Add note about gpu placement + simplify call to model->run

mreso · mreso · commit af7ee3dc9562 · 2024-03-09T04:19:49.000Z
diff --git a/examples/cpp/aot_inductor/bert/README.md b/examples/cpp/aot_inductor/bert/README.md
@@ -2,6 +2,8 @@ This example uses AOTInductor to compile the [google-bert/bert-base-uncased](htt
 
 Then, this example loads model and runs prediction using libtorch. The handler C++ source code for this examples can be found [here](src).
 
+**Note**: Please note that due to an issue in Pytorch 2.2.1 the AOTInductor model can not be placed on a specific GPU through the API. This issue is resolved in the PT 2.3 nightlies. Please install the nightlies if you want to run multiple model worker on different GPUs.
+
 ### Setup
 1. Follow the instructions in [README.md](../../../../cpp/README.md) to build the TorchServe C++ backend.
 
diff --git a/examples/cpp/aot_inductor/bert/src/bert_handler.cc b/examples/cpp/aot_inductor/bert/src/bert_handler.cc
@@ -157,12 +157,8 @@ c10::IValue BertCppHandler::Inference(
     } else {
       runner = std::static_pointer_cast<torch::inductor::AOTIModelContainerRunnerCpu>(model);
     }
-    #if TORCH_VERSION_MAJOR == 2 && TORCH_VERSION_MINOR == 2
-      auto batch_output_tensor_vector = runner->run(inputs.toTensorVector());
-    #else
-      std::vector<torch::Tensor> tmp = inputs.toTensorVector();
+      auto tmp = inputs.toTensorVector();
       auto batch_output_tensor_vector = runner->run(tmp);
-    #endif
     return c10::IValue(batch_output_tensor_vector[0]);
   } catch (std::runtime_error& e) {
     TS_LOG(ERROR, e.what());
diff --git a/examples/cpp/aot_inductor/resnet/README.md b/examples/cpp/aot_inductor/resnet/README.md
@@ -1,6 +1,8 @@
 This example uses AOTInductor to compile the Resnet50 into an so file which is then executed using libtorch.

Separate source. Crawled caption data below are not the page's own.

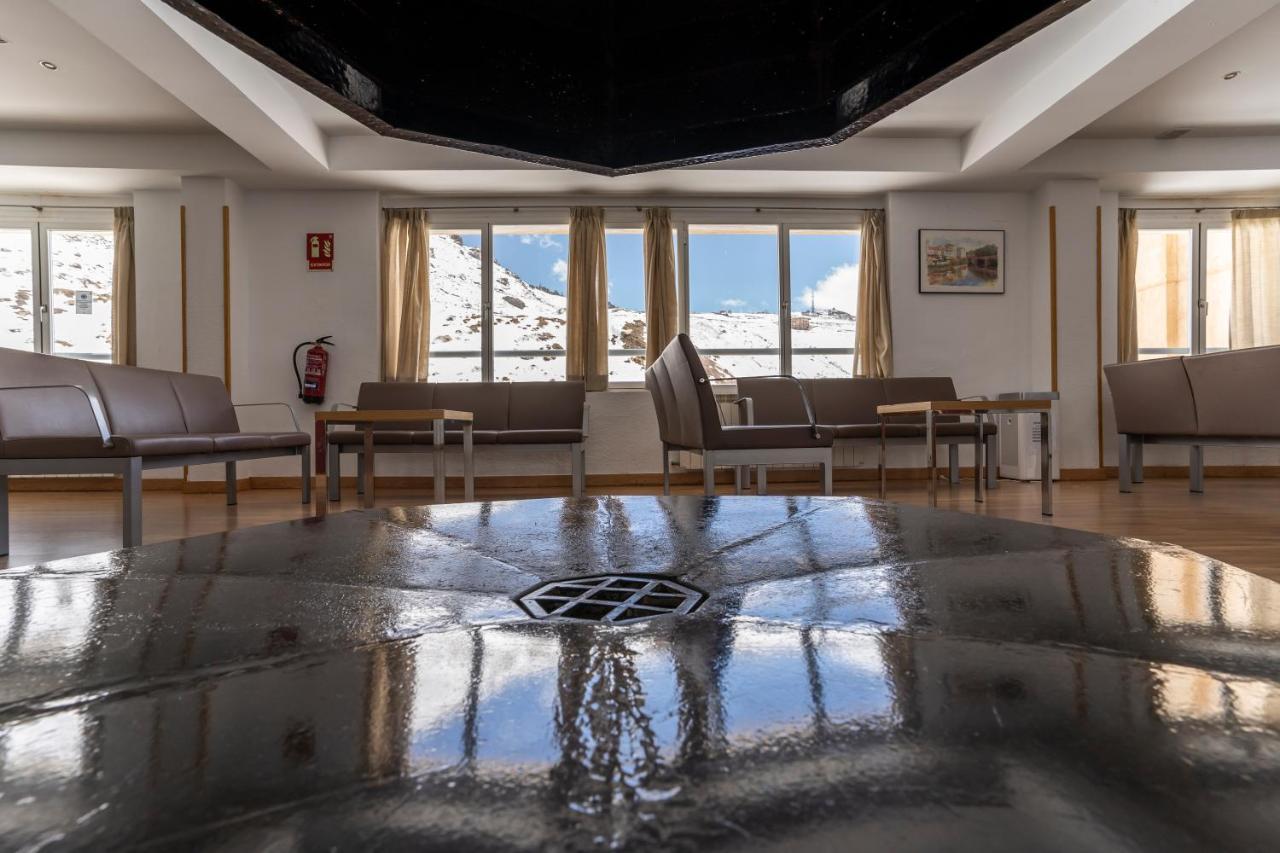 Albergue Inturjoven Sierra Nevada Bagian luar foto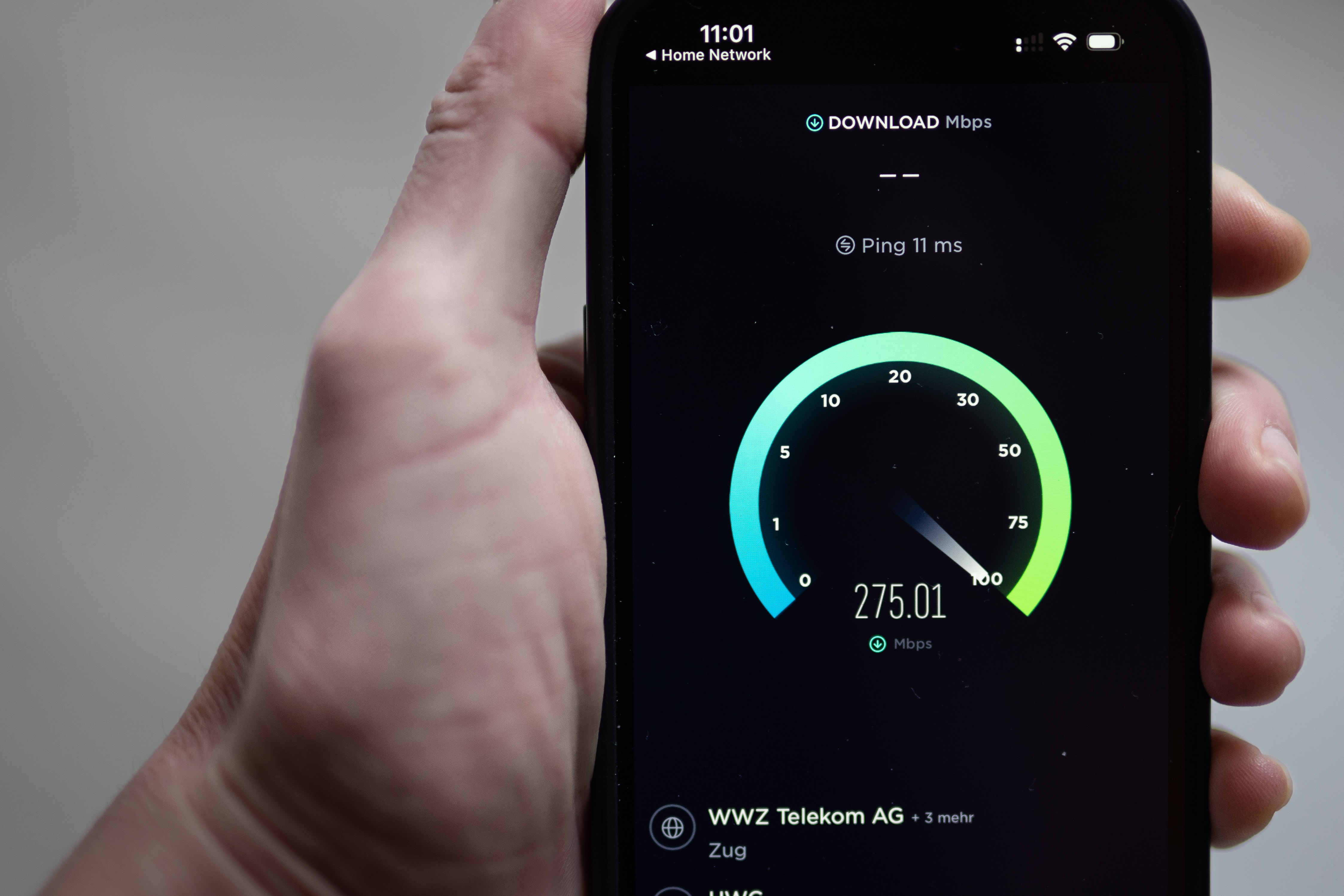 Der Speedtest ergibt 275 Mbps Download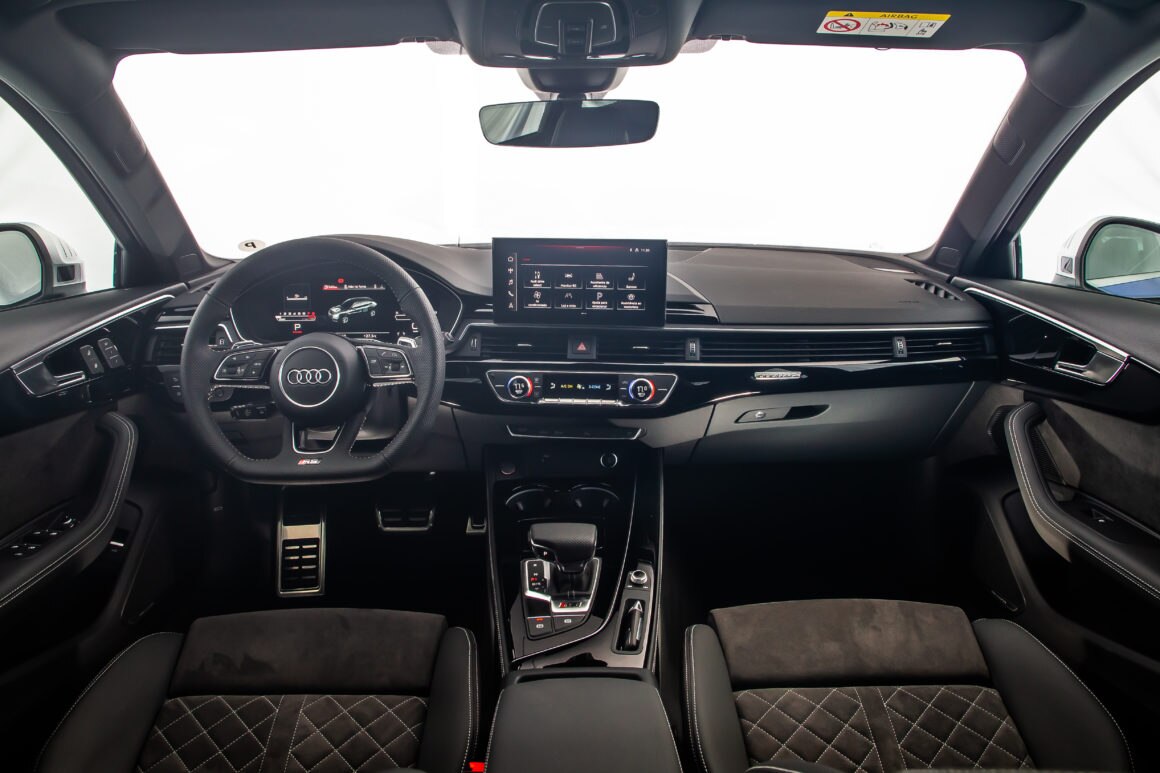 audi rs 4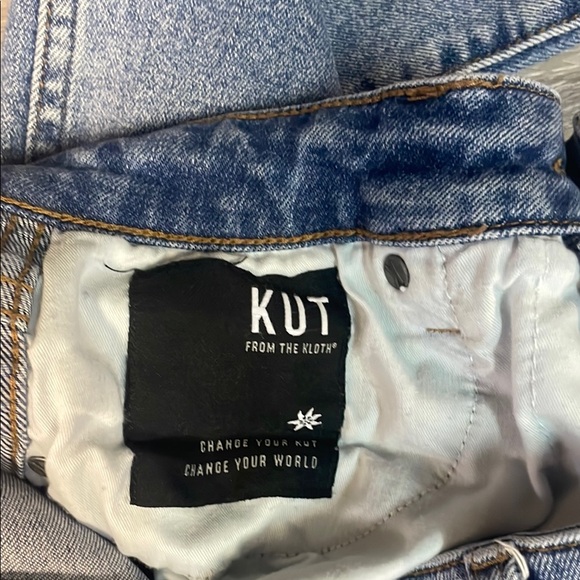 Kut from the Kloth Light Blue Distressed Straight Leg Jeans - Picture 8 of 9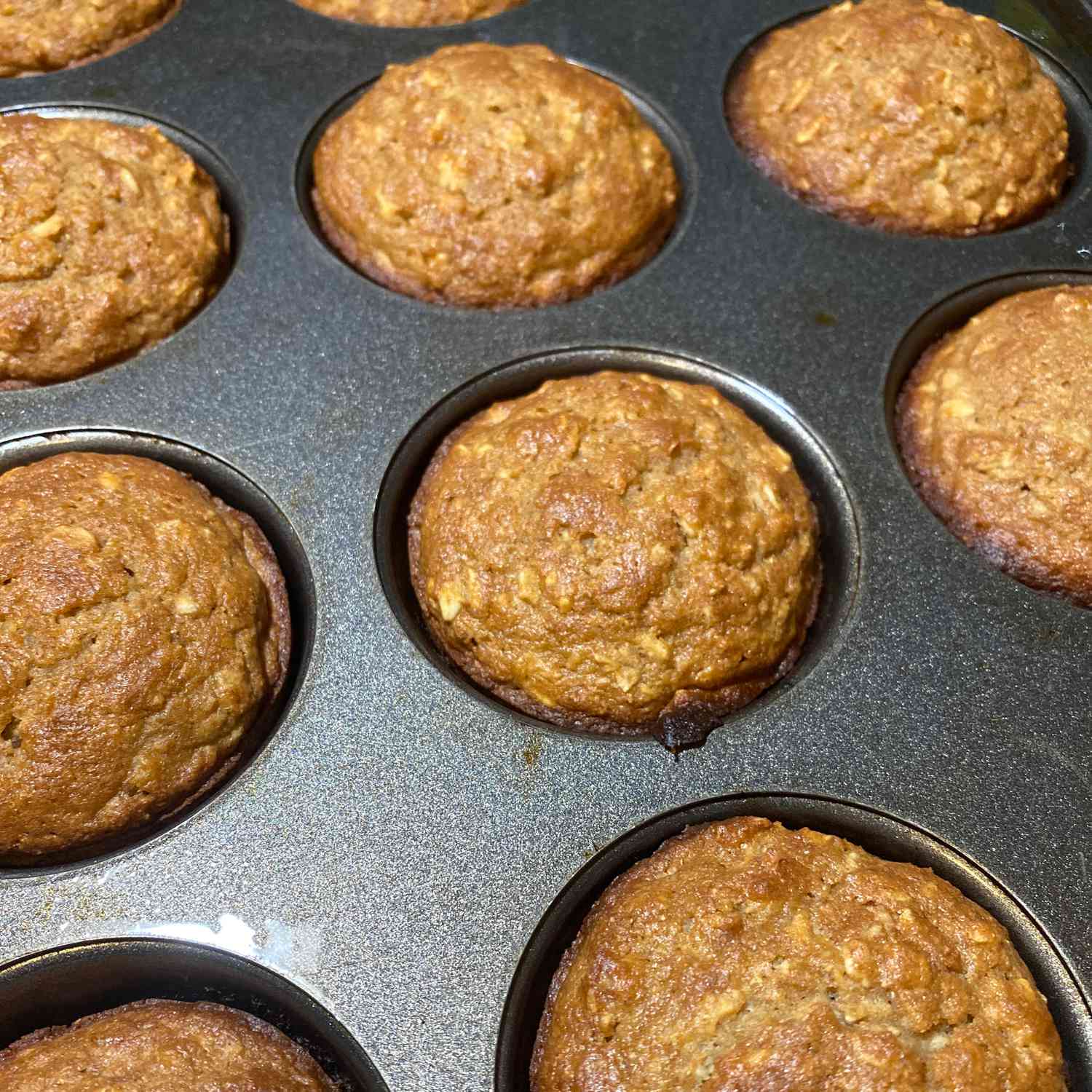 Oat Applesauce Muffins Recipe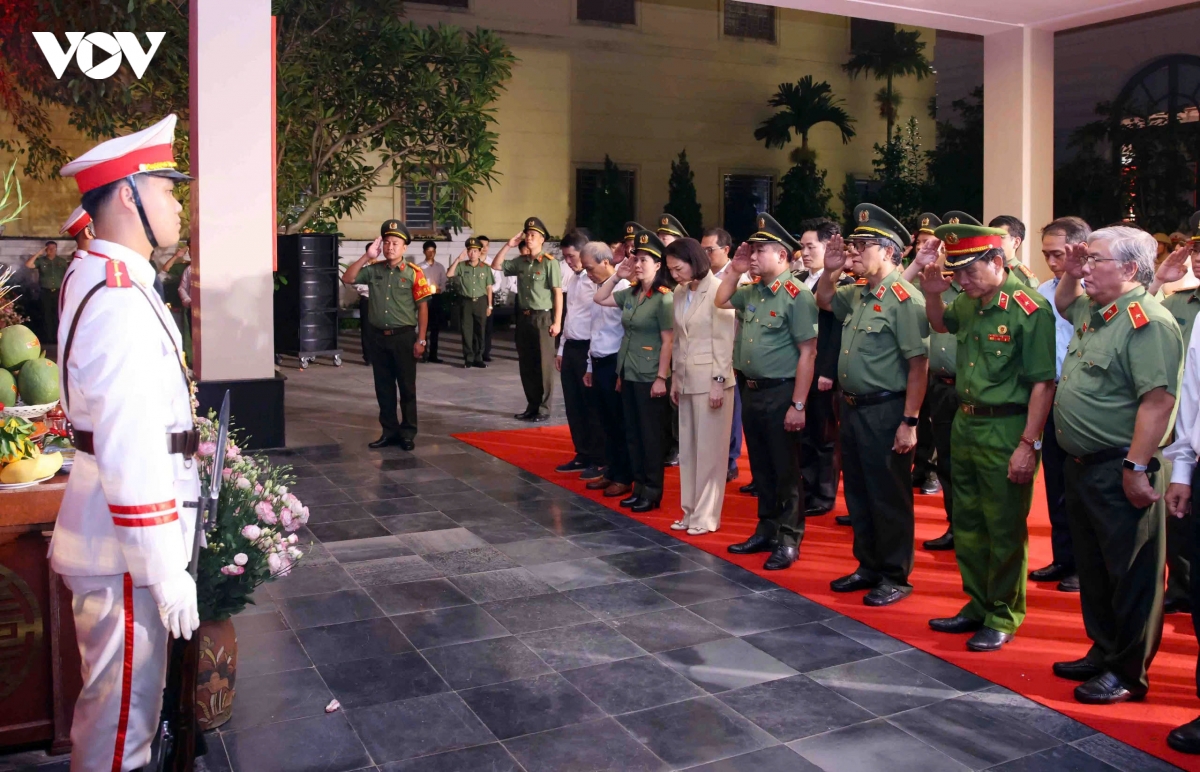 cong an tp ha noi tai hien vu an so 7 On nhu hau tren san khau thuc canh hinh anh 2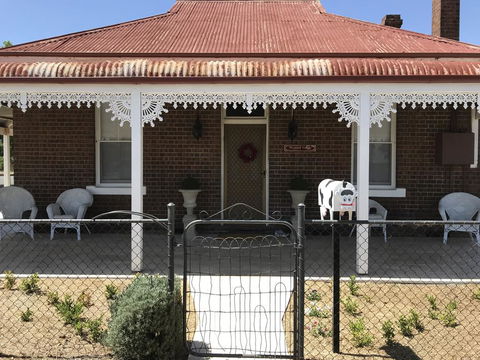 Woodstock Cottage - St Kilda Accommodation 0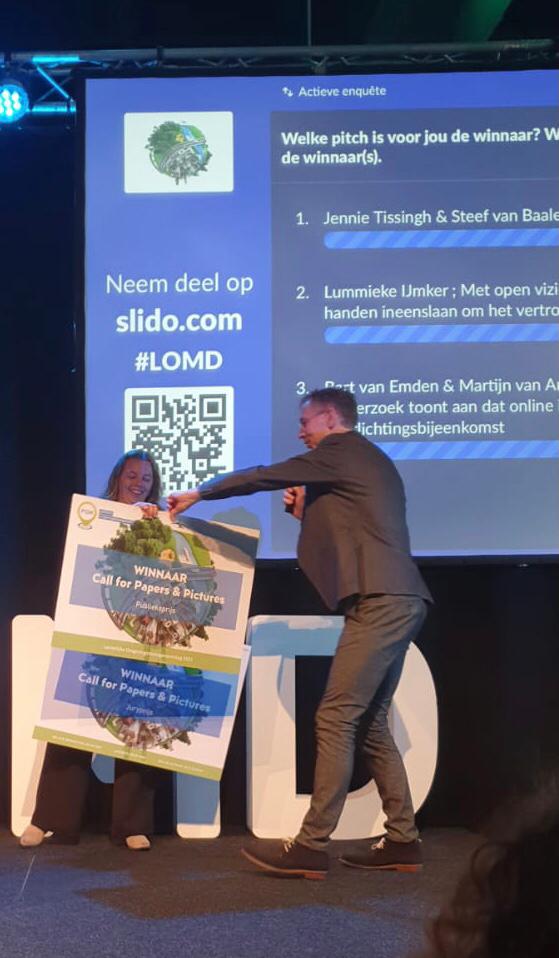 Winnaar van zowel de jury- en publieksprijs Call for Papers: <a href="/tistwit/">Jennie Tissingh</a> en #SteefvanBaalen van #Windunie over keuzeproces bij #Omgevingsmanagement 🏆💪 #LOMD #Omgevingsproces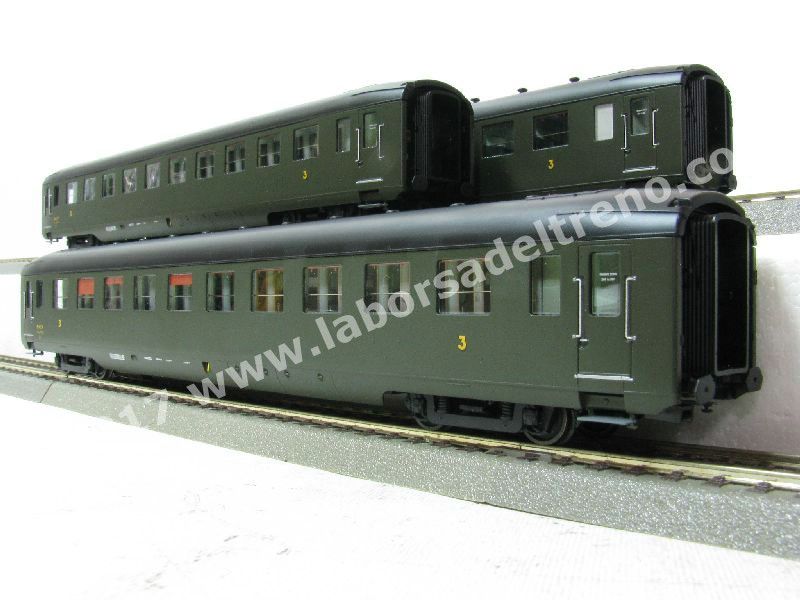 Set di 3 carrozze SNCF tipo DEV AO U46 corte di 3° classe, livrea verde 306, pittogrammi gialli con scritta SNCF, carenature lunghe, ep. III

 The handler C++ source code for this examples can be found [here](src).
 
+**Note**: Please note that due to an issue in Pytorch 2.2.1 the AOTInductor model can not be placed on a specific GPU through the API. This issue is resolved in the PT 2.3 nightlies. Please install the nightlies if you want to run multiple model worker on different GPUs.
+
 ### Setup
 1. Follow the instructions in [README.md](../../../../cpp/README.md) to build the TorchServe C++ backend.